IV
For some seconds the stars seemed to go out of the sky. I seemed to be, not sitting with him on that earth-wall by Le Port gap, but to be standing again in the drive of Ker Annic, with the glare of a touring-car thrown up from the ground and Jennie Aird by my side. I seemed to see again her parted lips, to hear that soft intake of her breath. And his own face seemed to hang again like a beautiful mask suspended in the glow.
And when I had descended from my room again I had found him lurking in the bushes, gazing into the lighted house.
Stars in the night above us! Was that to be the next thing to happen?
Had it happened?
Evidently something had happened, and had happened during the past two hours.
Then, as I strove to grasp the immense possibility, a deep and hapless yearning flooded my heart. The loveliness, the loveliness of it had it been possible! She, with the dreams still unrubbed from her opening eyes, he a December primrose peeping up anew out of the roots of his wrecked and fruitless years—they would have been matchlessly coupled. Had he in truth been my son I could have desired no more for him than this.

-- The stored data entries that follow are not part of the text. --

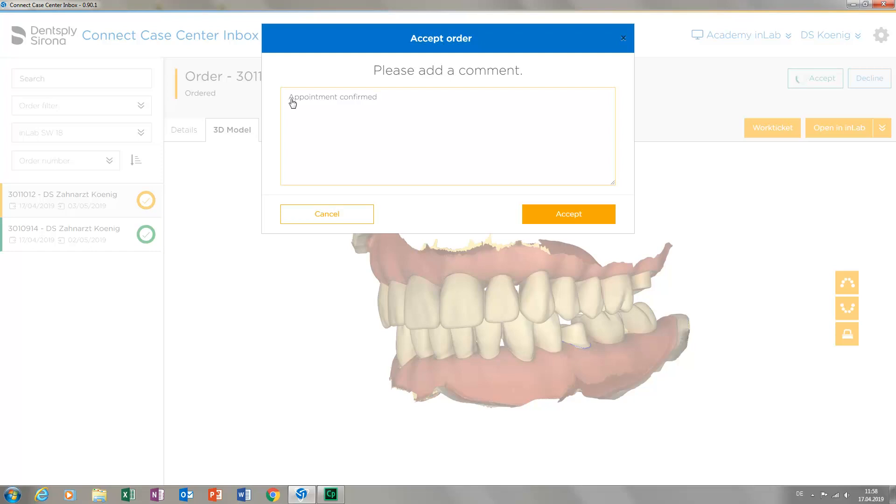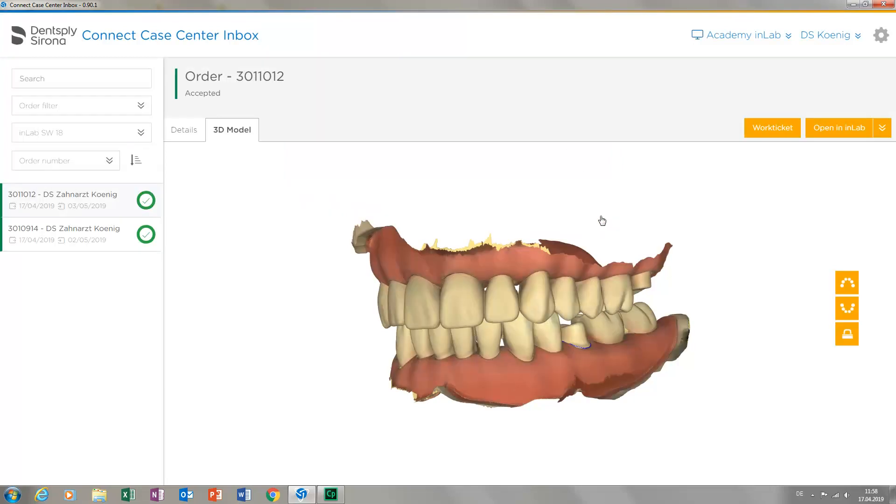By tapping accept again, the case is fully accepted and the treating dentist will receive a notification regarding this status. As you can see, the current case is now displayed with a green circle and a check mark.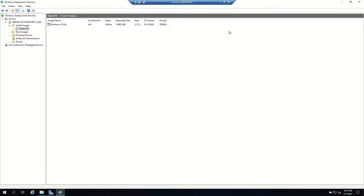Hi friends, my name is Mohit and welcome to my YouTube channel Tech Support Friends. Today we will learn how we can install Windows 10 through PXE from WDS services. I hope you remember that I have installed WDS server in my last video. Now in this video we will see how we can install Windows 10 through PXE.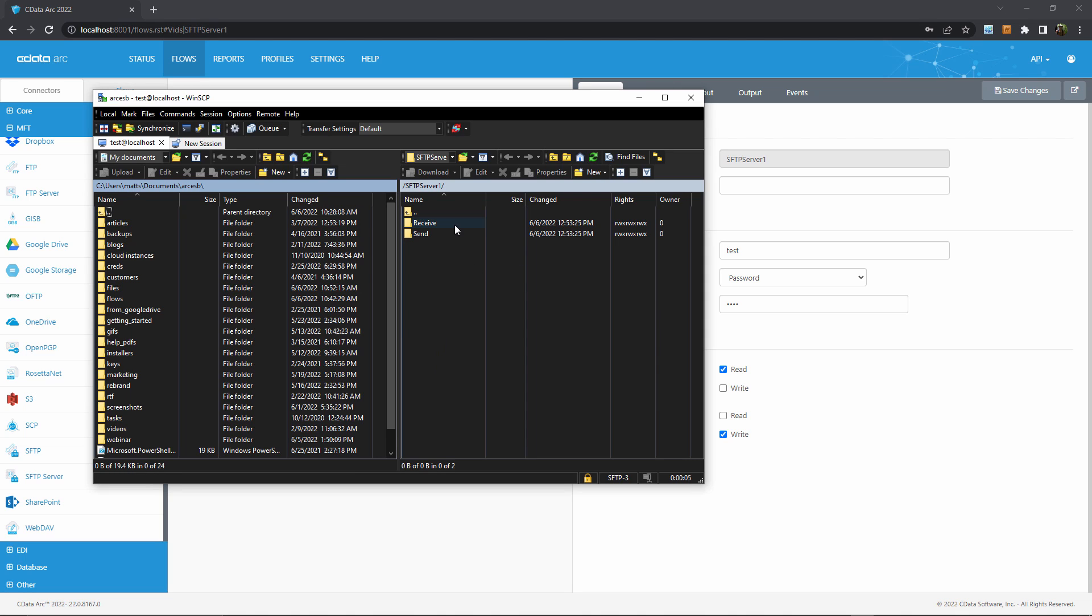You can see here a receive and a send folder, and you'll also notice that we're inside the SFTP server connector that I created in the flow. The send folder is designed for external parties to pick up files that they need to download, while the receive folder is designed for external parties to upload files that you want to process with Arc.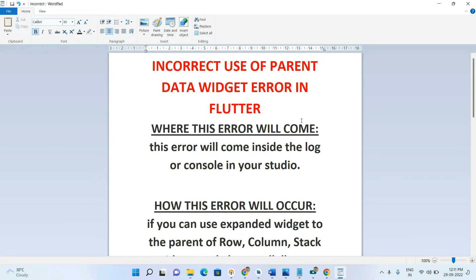Hi everyone, welcome to my channel. In this video I'm going to explain the incorrect use of parent data error in Flutter. This is one of the major errors in Flutter — many developers face this issue while developing applications, but some don't know how to resolve it. I'm going to explain how this error occurs and how to resolve it, giving you complete detailed information.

Yet why do I say "had it been possible"? Possible or impossible, something, whether more beautiful or fatal I could not say, had in fact happened. Whether to her or not, it had happened to him. How else explain that treacherous little slip about his money? Up to then his memory had not failed him. Reticence he had shown, a youthful unwillingness to talk about himself, but not in order to conceal an impaired faculty. His account of his movements during the past month had been slight, but complete enough. One gap only—the Julia gap—he found unaccountable, and that was no enigma to me.
But was he now on the eve of yet another transformation? Had one look of eyes into eyes hastened him to another stage? Absolved he was; was he now to be, not merely absolved, but confirmed in all the beauty and liberty of that absolution? Consider it as I tried to consider it, sitting on that thymy earth-wall while Fréhel, like a ghostly clock, threw those wavering false dawns across the night.